Provided records START

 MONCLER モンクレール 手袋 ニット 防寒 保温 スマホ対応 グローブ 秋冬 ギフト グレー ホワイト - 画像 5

Provided records END
Provided records START

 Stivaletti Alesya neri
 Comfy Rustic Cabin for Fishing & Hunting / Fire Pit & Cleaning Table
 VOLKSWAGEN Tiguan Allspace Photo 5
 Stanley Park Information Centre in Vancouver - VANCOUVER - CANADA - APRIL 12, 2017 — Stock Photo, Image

Provided records END

### Goal of the exercise
Using the records above, copy word for word the line with "VOLKSWAGEN Tiguan Allspace Photo 5", the line with "Stanley Park Information", and every line between them.

### Answer below
 VOLKSWAGEN Tiguan Allspace Photo 5
 Stanley Park Information Centre in Vancouver - VANCOUVER - CANADA - APRIL 12, 2017 — Stock Photo, Image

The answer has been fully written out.